8- Clusters: is a set of machines/nodes that Kafka runs on them
Kafka message in the cluster(brokers)
- The producer can send records round-robin. Each record should contain at least one message. This message could be in a different format like Text, Json, Avro object or XML
- The procedure can send the records depending on the (key, value). The producer could send the record (message). This message will send in a different format like Text, Json, Avro object or XML. Each partition will have the records according to the key.
Kafka and Zookeeper
Kafka uses Zookeeper to manage the Kafka cluster. The Zookeeper uses a leadership election for Broker Topic Partition Leaders. The topic partition leader is responsible for handing the read/writes activities. There is a duplication in partition. We can specify the number of deplication when we create the topic. In each deplicated partitions, there is a leader. The leader partition is happening through elections. Zookeeper is resposible for this task. The consumer tries to get the data from leader partition. If the partition is down, the consumer will get the data from another partition.
ZooKeeper facilities synchronization in the process by maintaining a status on ZooKeeper servers that store information in local log files.

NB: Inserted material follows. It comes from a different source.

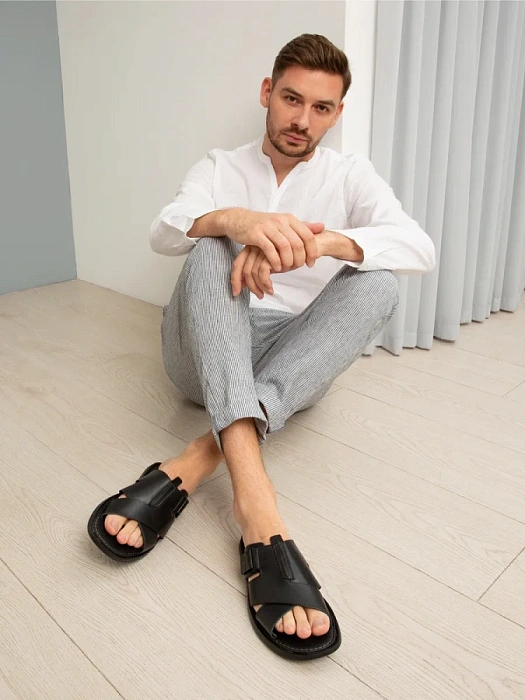 Мужские слайдеры BRUNO RENZONI  черные, артикул 990650-8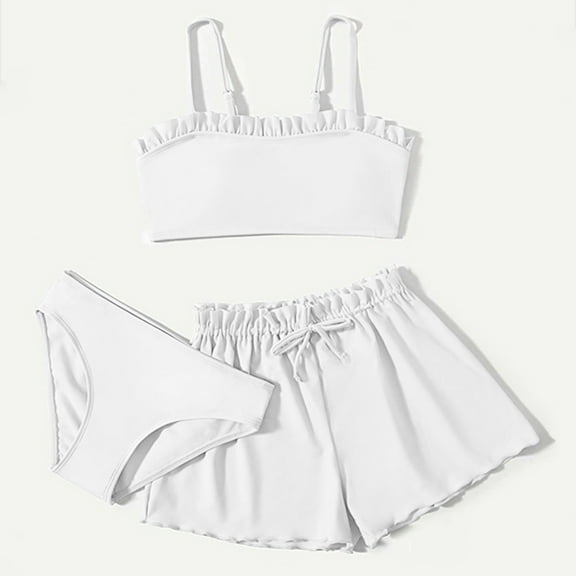 REDARER Girl's 3 Piece Swimsuits Soild Bikini Rullfe Bathing Suit Briefs Girls Bikini Swimwear Set,Girls Swimsuit,8-10 Years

When the consumer subscribes to a topic, Kafka provides the current offset of the topic to the consumer and the offset is saved in the ZooKeeper.
Kafka API’s
- Producer API
Producer API gives the ability to send the messages to Kafka cluster and deals with streaming. The maven repository
<dependency>
<groupId>org.apache.kafka</groupId>
<artifactId>kafka-clients</artifactId>
<version>2.5.0</version>
</dependency>
- Consumer API
Consumer API gives the ability to receive the messages from Kafka cluster. Also it deals with streaming. The maven repository
<dependency>
<groupId>org.apache.kafka</groupId>
<artifactId>kafka-clients</artifactId>
<version>2.5.0</version>
</dependency>
- Stream API
Kafka streams allows you to build real time applications. Kafka steams API gives you the ability to build the real time applications. Kafka stream gives Highly scalable, elastic, distributed, and fault-tolerant application. Also has the ability to deal Stateful and stateless processing. Also Kafka use for aggregation applications. Read more about Kafka stream
<dependency>
<groupId>org.apache.kafka</groupId>
<artifactId>kafka-streams</artifactId>
<version>2.5.0</version>
</dependency>
- Connector API
Kafka gives you the ability to connect to another databases through JDBC. Also you can connect to AVRO file format.
- Admin API
Kafka has APIs to manage topics, to manage the brokers and Kafka configuration
Kafka multiple brockers
- Copy server to server1 & server2:
cp C:\bigdata\kafka\kafka_2.12-2.5.0\config\server.properties C:\bigdata\kafka\kafka_2.12-2.5.0\config\server1.properties
cp C:\bigdata\kafka\kafka_2.12-2.5.0\config\server.properties C:\bigdata\kafka\kafka_2.12-2.5.0\config\server2.properties - Change configuration for server1 & server2
server1.properties file:
brocker.id = 1
listeners=PLAINTEXT://:9093
log.dirs=C:\bigdata\kafka\kafka_2.12-2.5.0\kafka-logs1
server2.properties file:
file:brocker.id = 2
listeners=PLAINTEXT://:9094
log.dirs=C:\bigdata\kafka\kafka_2.12-2.5.0\kafka-logs2 - Start two Kafka servers (brocker1 & brocker2)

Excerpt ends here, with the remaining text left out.